What you will do: After finding "悲喜两重天！孙兴慜失点后表情极度痛苦，穆勒晋级后喜笑颜开" in the data, write out its line and all following lines without change, up to and including the last one. Leave out pictures.

Start of Provided material

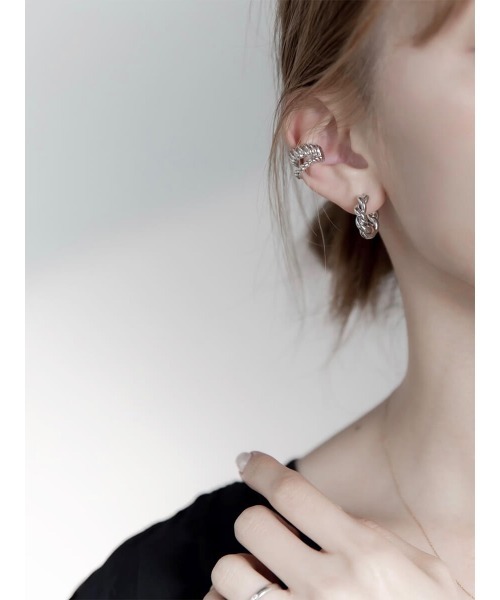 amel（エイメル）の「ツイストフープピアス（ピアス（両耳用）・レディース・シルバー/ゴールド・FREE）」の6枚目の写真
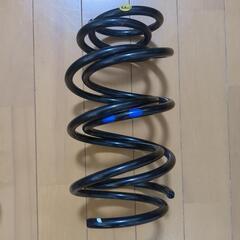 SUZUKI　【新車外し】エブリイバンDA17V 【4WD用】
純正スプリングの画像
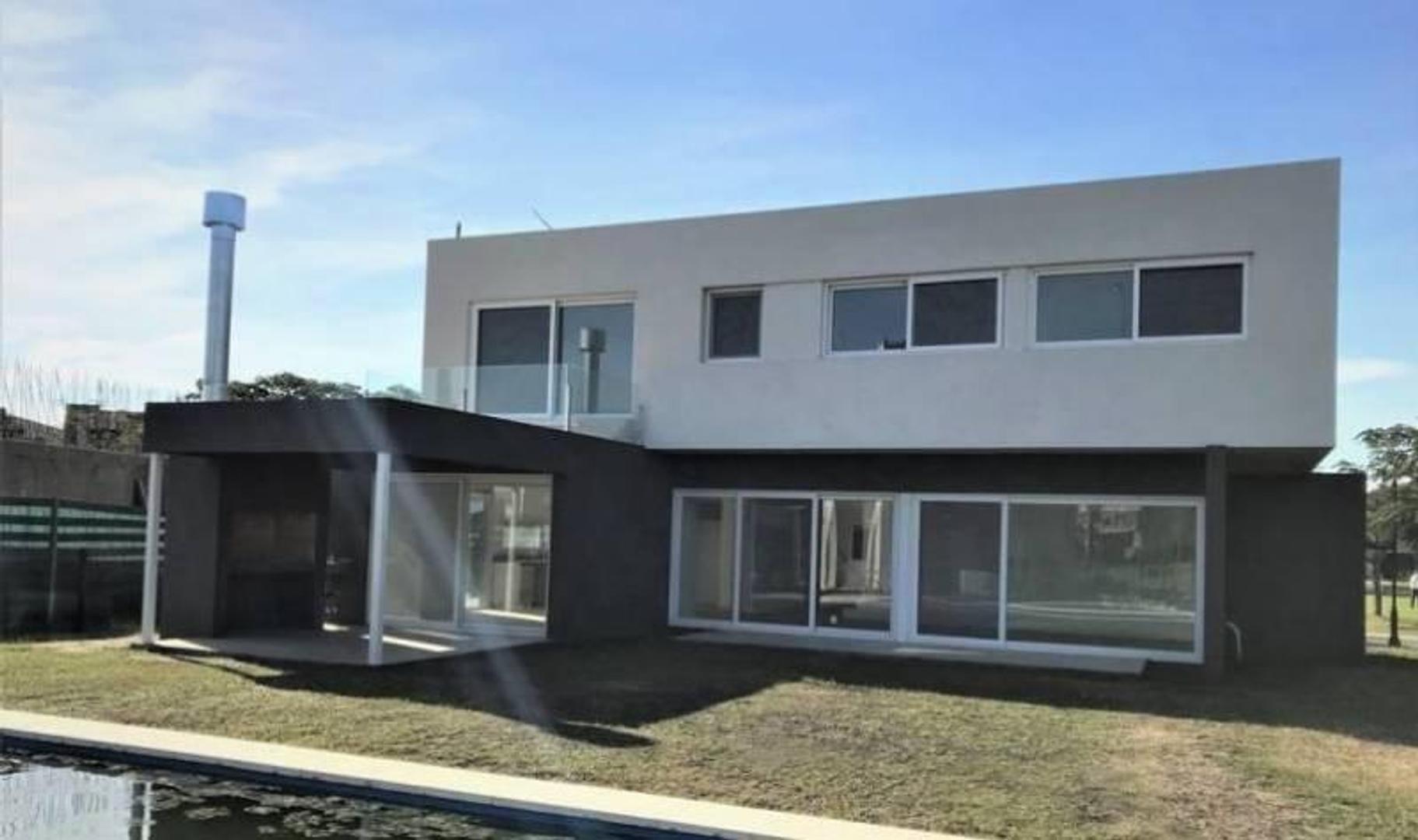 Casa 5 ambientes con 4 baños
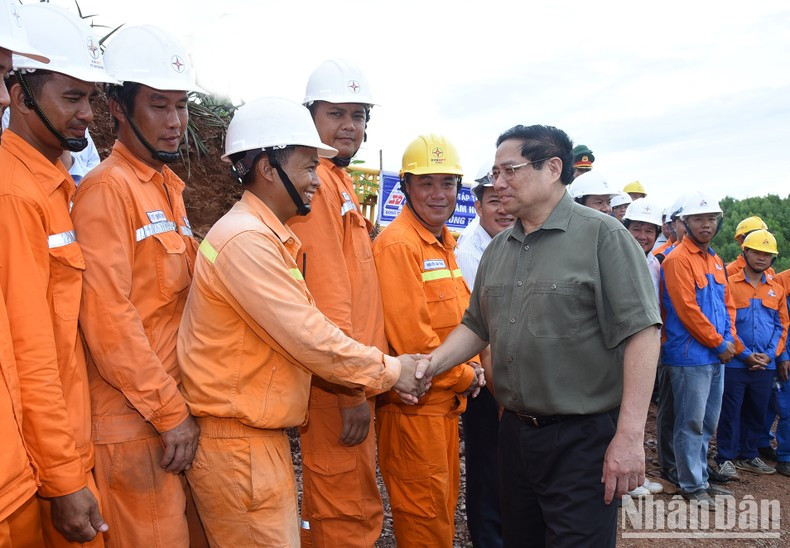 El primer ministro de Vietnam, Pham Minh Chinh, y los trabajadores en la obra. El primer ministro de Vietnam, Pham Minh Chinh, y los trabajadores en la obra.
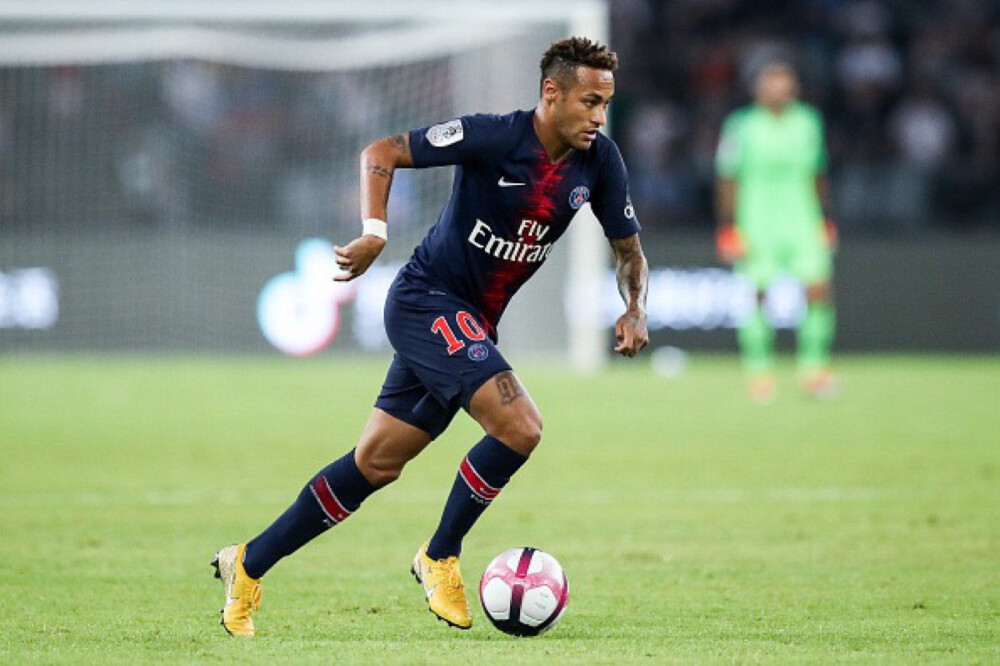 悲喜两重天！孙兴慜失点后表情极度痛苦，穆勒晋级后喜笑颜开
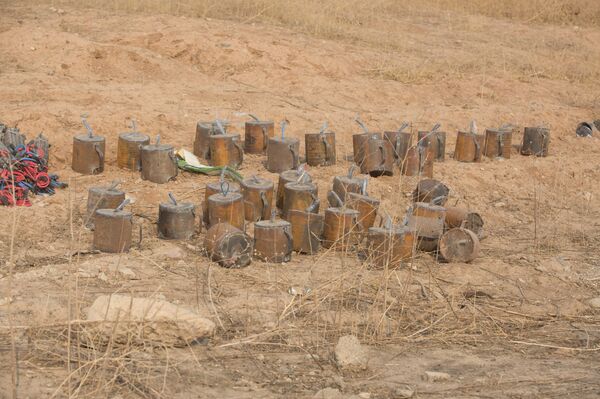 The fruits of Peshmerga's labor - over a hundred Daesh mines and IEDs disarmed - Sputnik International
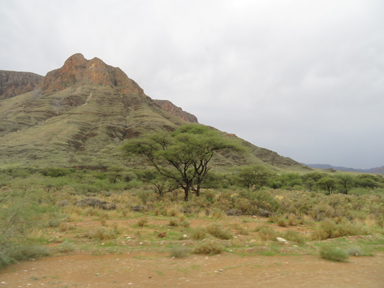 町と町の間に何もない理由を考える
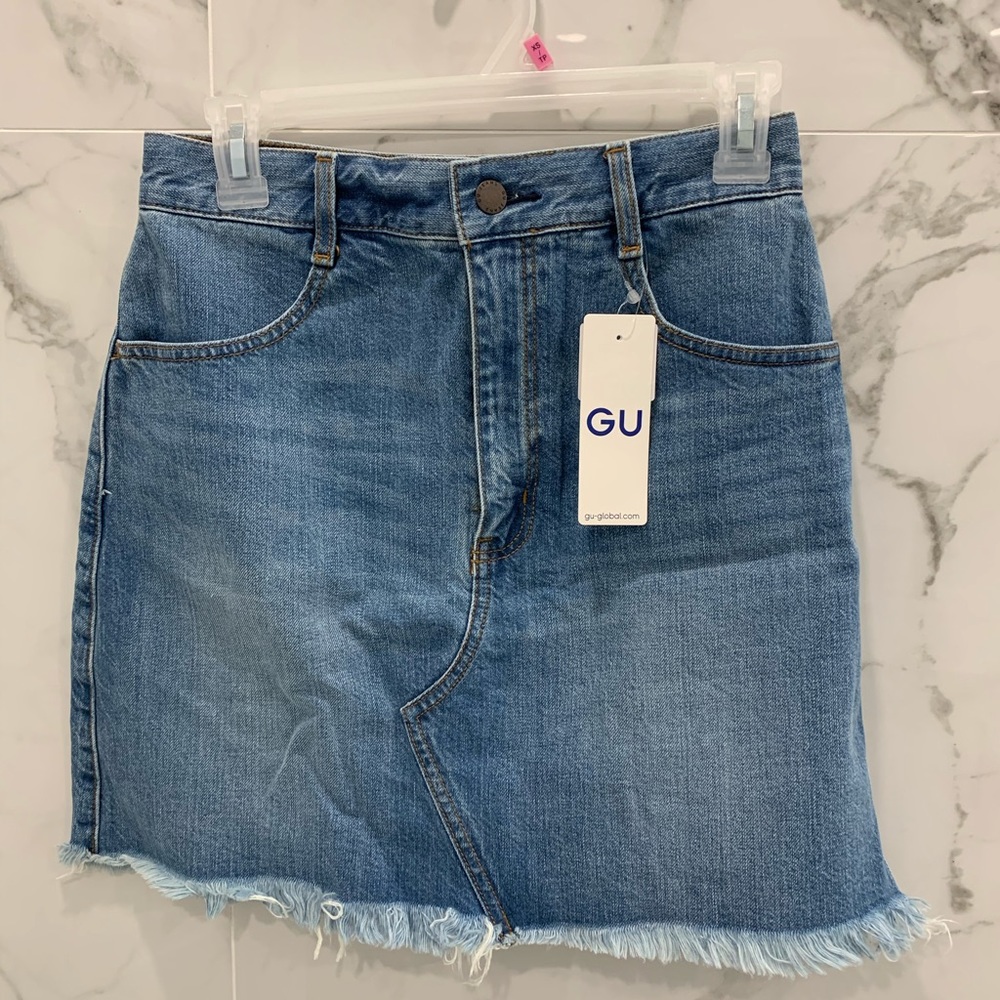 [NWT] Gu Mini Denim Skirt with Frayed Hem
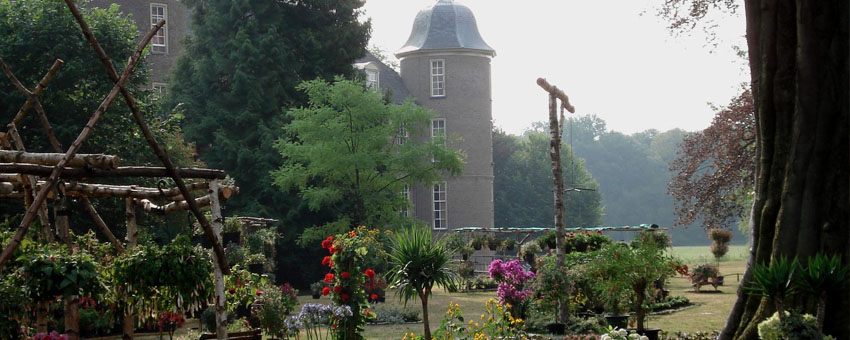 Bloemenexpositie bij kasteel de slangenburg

End of Provided material

Exercise response:
 悲喜两重天！孙兴慜失点后表情极度痛苦，穆勒晋级后喜笑颜开
 The fruits of Peshmerga's labor - over a hundred Daesh mines and IEDs disarmed - Sputnik International
 町と町の間に何もない理由を考える
 [NWT] Gu Mini Denim Skirt with Frayed Hem
 Bloemenexpositie bij kasteel de slangenburg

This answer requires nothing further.